Regulation (EU) 2025/2088 of the European Parliament and of the Council of 8 October 2025 amending Regulations (EU) No 1092/2010, (EU) No 1093/2010, (EU) No 1094/2010, (EU) No 1095/2010, (EU) No 806/2014, (EU) 2021/523 and (EU) 2024/1620 as regards certain reporting requirements in the fields of financial services and investment support (Text with EEA relevance)
THE EUROPEAN PARLIAMENT AND THE COUNCIL OF THE EUROPEAN UNION,
Having regard to the Treaty on the Functioning of the European Union, and in particular Article 114, Article 173 and Article 175, third paragraph, thereof,
Having regard to the proposal from the European Commission,
After transmission of the draft legislative act to the national parliaments,
Having regard to the opinion of the European Central Bank (1),
Having regard to the opinion of the European Economic and Social Committee (2),
After consulting the Committee of the Regions,
Acting in accordance with the ordinary legislative procedure (3),
Whereas:
(1) Reporting and disclosure requirements play a key role in ensuring proper monitoring of the application and correct enforcement of Union law. It is therefore important to improve, streamline and modernise those requirements to ensure that they fulfil their intended purpose, to limit the administrative burden and to avoid undue duplication of reporting for authorities and for entities.

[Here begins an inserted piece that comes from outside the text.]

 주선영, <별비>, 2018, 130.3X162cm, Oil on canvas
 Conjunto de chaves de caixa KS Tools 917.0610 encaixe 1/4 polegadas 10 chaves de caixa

(2) Streamlining reporting and disclosure requirements and reducing the administrative burden without undermining the related policy objectives are therefore priorities regarding both reporting and disclosure requirements in the financial sector and the frequency of reporting related to the InvestEU Programme established by Regulation (EU) 2021/523 of the European Parliament and of the Council (4).
(3) Regulations (EU) No 1092/2010 (5), (EU) No 1093/2010 (6), (EU) No 1094/2010 (7), (EU) No 1095/2010 (8), (EU) No 806/2014 (9), (EU) 2021/523 and (EU) 2024/1620 (10) of the European Parliament and of the Council contain arrangements for establishing a number of reporting and disclosure requirements. The collection and exchange of information under those requirements should be simplified, in line with the Commission communication of 16 March 2023 entitled ‘Long-term competitiveness of the EU: looking beyond 2030’.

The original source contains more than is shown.